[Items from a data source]
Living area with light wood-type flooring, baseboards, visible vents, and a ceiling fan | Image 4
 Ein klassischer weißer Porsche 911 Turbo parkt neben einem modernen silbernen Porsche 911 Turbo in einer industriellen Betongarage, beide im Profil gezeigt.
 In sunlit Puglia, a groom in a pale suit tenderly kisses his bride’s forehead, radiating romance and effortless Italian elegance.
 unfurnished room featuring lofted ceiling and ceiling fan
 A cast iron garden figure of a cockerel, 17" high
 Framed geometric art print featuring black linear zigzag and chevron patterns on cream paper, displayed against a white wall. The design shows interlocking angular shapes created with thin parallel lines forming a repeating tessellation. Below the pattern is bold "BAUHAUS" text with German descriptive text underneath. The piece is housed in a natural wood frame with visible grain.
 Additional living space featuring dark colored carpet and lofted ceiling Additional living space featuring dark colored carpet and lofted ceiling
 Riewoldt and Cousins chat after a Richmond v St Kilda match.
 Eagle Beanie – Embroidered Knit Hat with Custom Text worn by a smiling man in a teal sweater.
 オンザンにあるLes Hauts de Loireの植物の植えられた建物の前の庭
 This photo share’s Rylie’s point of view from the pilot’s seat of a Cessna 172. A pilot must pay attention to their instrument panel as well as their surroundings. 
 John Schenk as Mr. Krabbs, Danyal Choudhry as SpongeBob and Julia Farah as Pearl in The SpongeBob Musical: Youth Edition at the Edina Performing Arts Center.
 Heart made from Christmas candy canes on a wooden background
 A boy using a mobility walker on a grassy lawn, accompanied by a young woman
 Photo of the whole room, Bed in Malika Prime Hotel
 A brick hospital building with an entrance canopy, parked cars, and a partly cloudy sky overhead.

*Instructions to follow:*
Could every entry be given again exactly, with no line skipped?

*Worked solution:*
Living area with light wood-type flooring, baseboards, visible vents, and a ceiling fan | Image 4
 Ein klassischer weißer Porsche 911 Turbo parkt neben einem modernen silbernen Porsche 911 Turbo in einer industriellen Betongarage, beide im Profil gezeigt.
 In sunlit Puglia, a groom in a pale suit tenderly kisses his bride’s forehead, radiating romance and effortless Italian elegance.
 unfurnished room featuring lofted ceiling and ceiling fan
 A cast iron garden figure of a cockerel, 17" high
 Framed geometric art print featuring black linear zigzag and chevron patterns on cream paper, displayed against a white wall. The design shows interlocking angular shapes created with thin parallel lines forming a repeating tessellation. Below the pattern is bold "BAUHAUS" text with German descriptive text underneath. The piece is housed in a natural wood frame with visible grain.
 Additional living space featuring dark colored carpet and lofted ceiling Additional living space featuring dark colored carpet and lofted ceiling
 Riewoldt and Cousins chat after a Richmond v St Kilda match.
 Eagle Beanie – Embroidered Knit Hat with Custom Text worn by a smiling man in a teal sweater.
 オンザンにあるLes Hauts de Loireの植物の植えられた建物の前の庭
 This photo share’s Rylie’s point of view from the pilot’s seat of a Cessna 172. A pilot must pay attention to their instrument panel as well as their surroundings. 
 John Schenk as Mr. Krabbs, Danyal Choudhry as SpongeBob and Julia Farah as Pearl in The SpongeBob Musical: Youth Edition at the Edina Performing Arts Center.
 Heart made from Christmas candy canes on a wooden background
 A boy using a mobility walker on a grassy lawn, accompanied by a young woman
 Photo of the whole room, Bed in Malika Prime Hotel
 A brick hospital building with an entrance canopy, parked cars, and a partly cloudy sky overhead.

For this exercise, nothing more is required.